RECORDED INFORMATION:

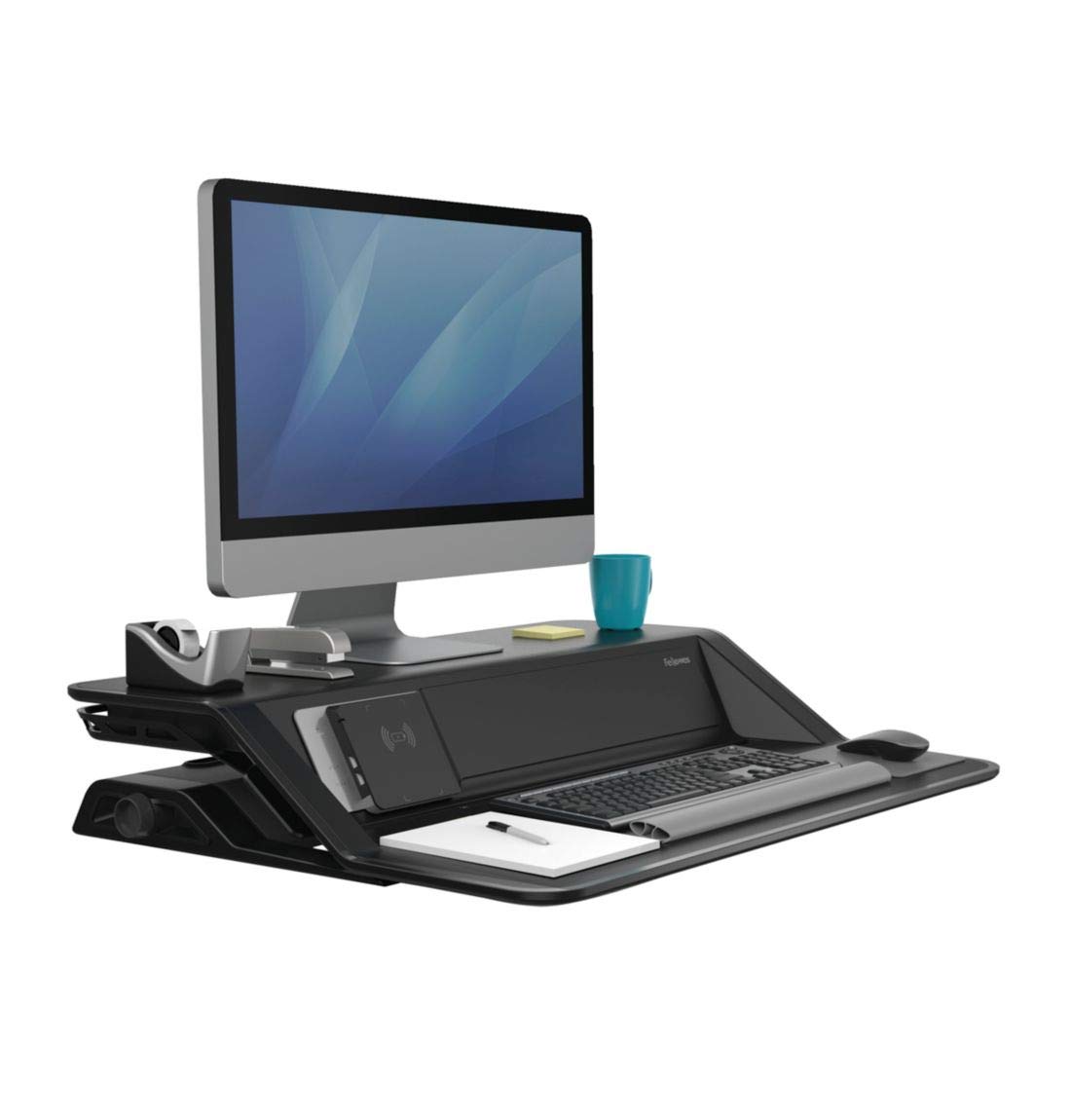 Fellowes Lotus DX Deluxe Height Adjustable Sit-Stand Workstation, Black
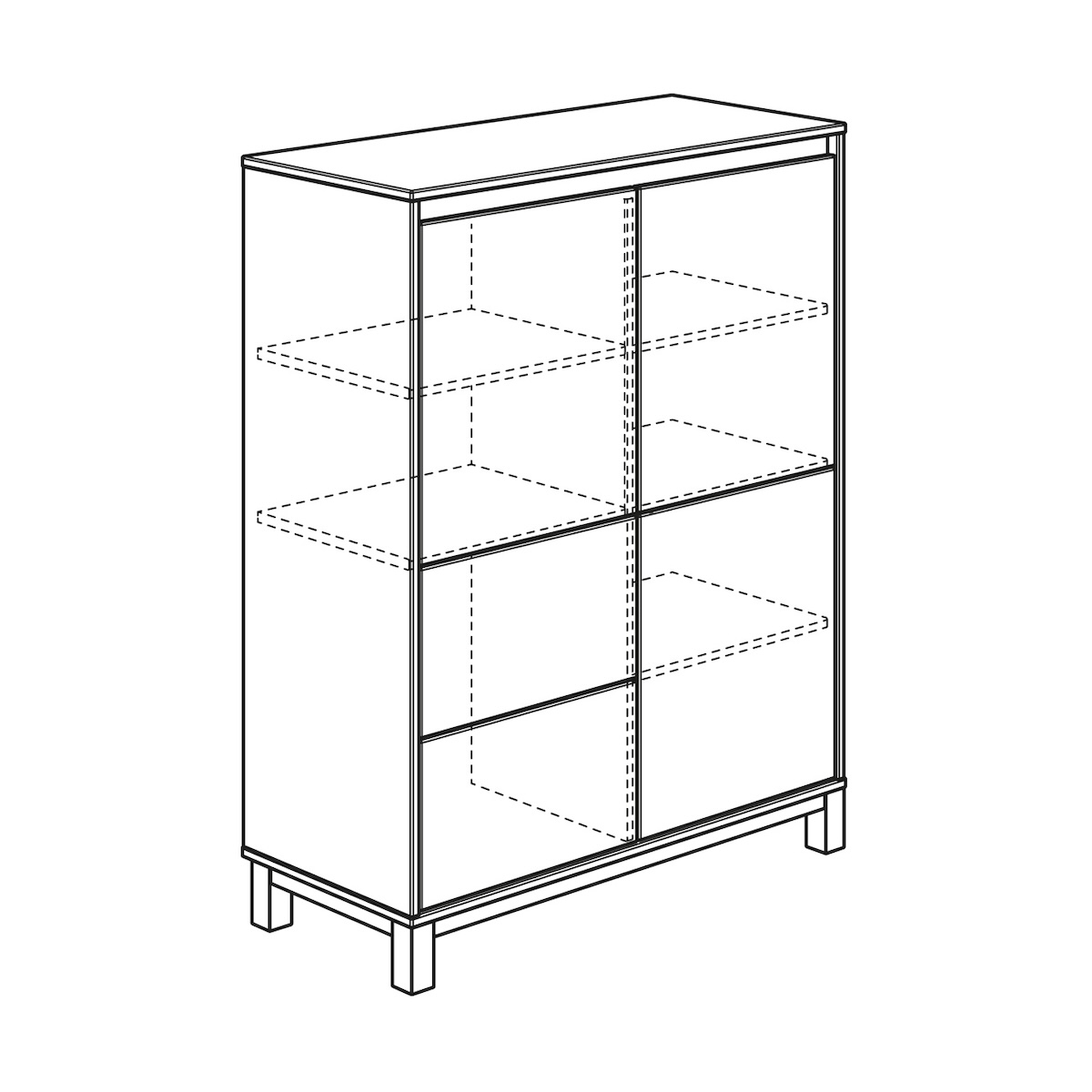 Highboard 2 Türen 2 Schubladen OLLI Paidi blau matt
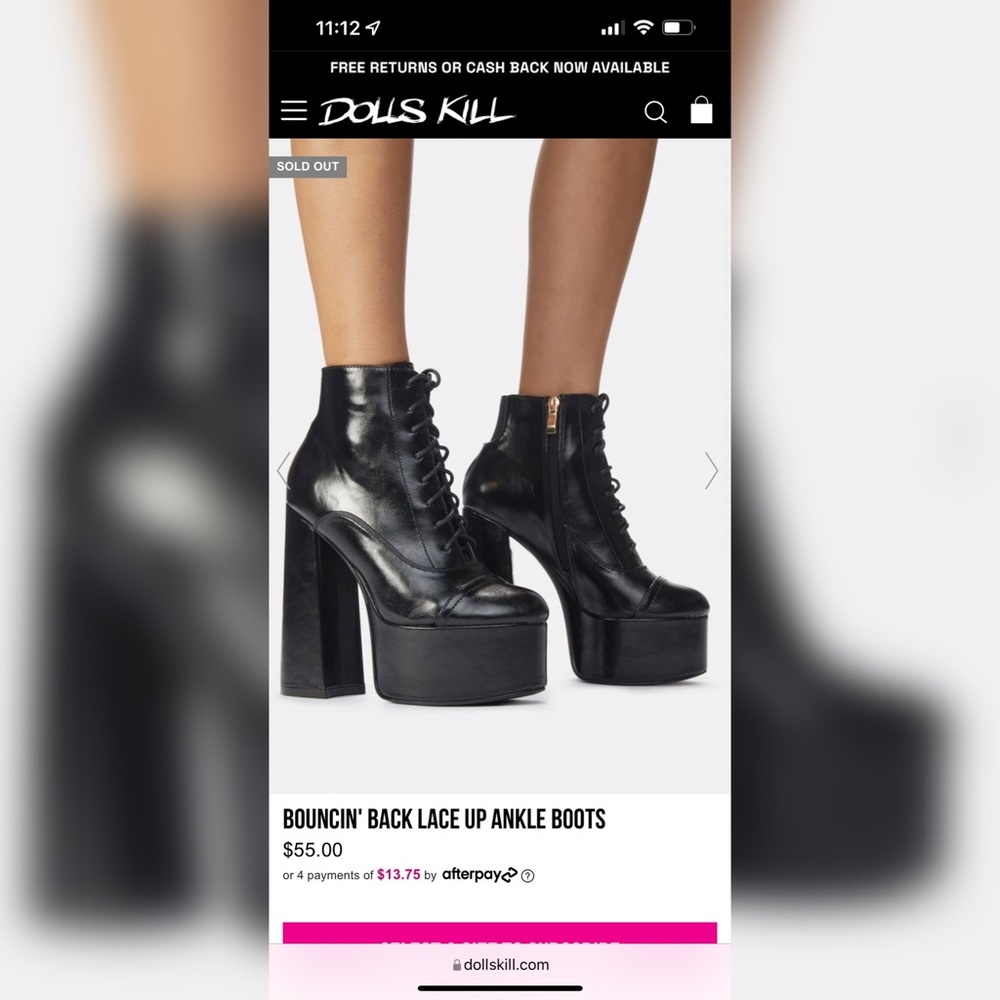 DOLLS KILL BOUNCIN' BACK LACE UP ANKLE BOOTS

INSTRUCTIONS TO FOLLOW: Your answer should hold only the lines from the one with "Highboard 2 Türen" through the final line of the listing above, transcribed exactly and without pictures.

TASK SOLUTION:
 Highboard 2 Türen 2 Schubladen OLLI Paidi blau matt
 DOLLS KILL BOUNCIN' BACK LACE UP ANKLE BOOTS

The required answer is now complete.